A Avaliação Psicológica pode ser definida como um processo técnico-científico cuja prática requer delimitação do tempo necessário para cumprir seu objetivo: a investigação de fenômenos psicológicos.

O profissional que realiza a avaliação poderá dispor de diferentes métodos, técnicas e instrumentos que possuam fundamentação cientificamente comprovada e, também, que sirvam como recursos subsidiários nesse processo investigativo – seja ele na área de psicologia clínica, jurídica, pesquisa, organizacional, hospitalar, esporte e demais campos que demandam esta prática (Cunha, 2000; CFP, 2013, 2018).

Considerando o rigor teórico na definição de Avaliação Psicológica enquanto processo, deve-se reforçar que sempre alicerçados pela ética, tanto a tecnicidade quanto cientificidade que compõem essa prática, devem se fazer presentes no dia a dia do profissional.

Isso se justifica, embora pareça óbvio, pelo fato digno de rememoração: a psicologia traz em sua base o cuidado para com a saúde mental e subjetividade humana, sendo uma prática que requer constante aquisição e atualização de conhecimento.

Entende-se que o conhecimento, de maneira geral, é algo que se constrói gradativamente. Isso também se aplica aos estudos e à prática em Avaliação Psicológica.
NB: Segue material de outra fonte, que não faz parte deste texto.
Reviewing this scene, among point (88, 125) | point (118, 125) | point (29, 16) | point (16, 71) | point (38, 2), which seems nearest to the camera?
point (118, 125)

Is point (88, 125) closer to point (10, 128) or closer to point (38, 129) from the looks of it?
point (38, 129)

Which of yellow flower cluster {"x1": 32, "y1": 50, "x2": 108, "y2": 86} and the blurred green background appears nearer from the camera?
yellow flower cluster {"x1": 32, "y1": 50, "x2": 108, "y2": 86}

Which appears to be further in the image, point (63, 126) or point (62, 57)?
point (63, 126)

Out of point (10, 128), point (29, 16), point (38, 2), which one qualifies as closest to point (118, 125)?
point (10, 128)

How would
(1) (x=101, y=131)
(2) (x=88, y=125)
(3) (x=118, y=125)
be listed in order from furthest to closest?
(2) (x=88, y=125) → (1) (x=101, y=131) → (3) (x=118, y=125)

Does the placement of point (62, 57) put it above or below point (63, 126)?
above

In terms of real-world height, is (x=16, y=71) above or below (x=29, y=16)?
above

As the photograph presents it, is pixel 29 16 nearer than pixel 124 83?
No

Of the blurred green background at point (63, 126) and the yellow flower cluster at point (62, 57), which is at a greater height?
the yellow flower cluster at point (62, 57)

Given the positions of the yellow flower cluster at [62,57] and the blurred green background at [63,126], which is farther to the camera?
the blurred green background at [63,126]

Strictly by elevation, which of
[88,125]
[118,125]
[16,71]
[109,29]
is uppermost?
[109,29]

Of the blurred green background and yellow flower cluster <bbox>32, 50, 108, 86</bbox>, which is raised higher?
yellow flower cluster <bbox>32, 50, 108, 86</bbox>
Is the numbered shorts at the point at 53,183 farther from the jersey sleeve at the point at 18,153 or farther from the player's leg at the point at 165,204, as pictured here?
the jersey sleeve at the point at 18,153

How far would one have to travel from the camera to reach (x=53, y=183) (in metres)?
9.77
Junto do olhar atento, o conhecimento nessa área já se inicia nas universidades – as quais, em suas grades curriculares, tendem a possuir diferentes formas de dissertar a Avaliação Psicológica e suas inúmeras técnicas.

Alude-se, de maneira caricata e pedagógica à teoria piagetiana: o aluno se depara com um novo objeto – a matéria de avaliação psicológica e, dando início à interação, tende a se aproximar e, dessa forma, promover sucessivas assimilações, acomodações e formações de esquemas sobre o assunto, ou seja, identifica, reconhece e estabelece compreensões acerca do assunto em questão.

Diante dessa aproximação ao novo conhecimento em Avaliação Psicológica, espera-se que algo nasça e que saberes se desenvolvam.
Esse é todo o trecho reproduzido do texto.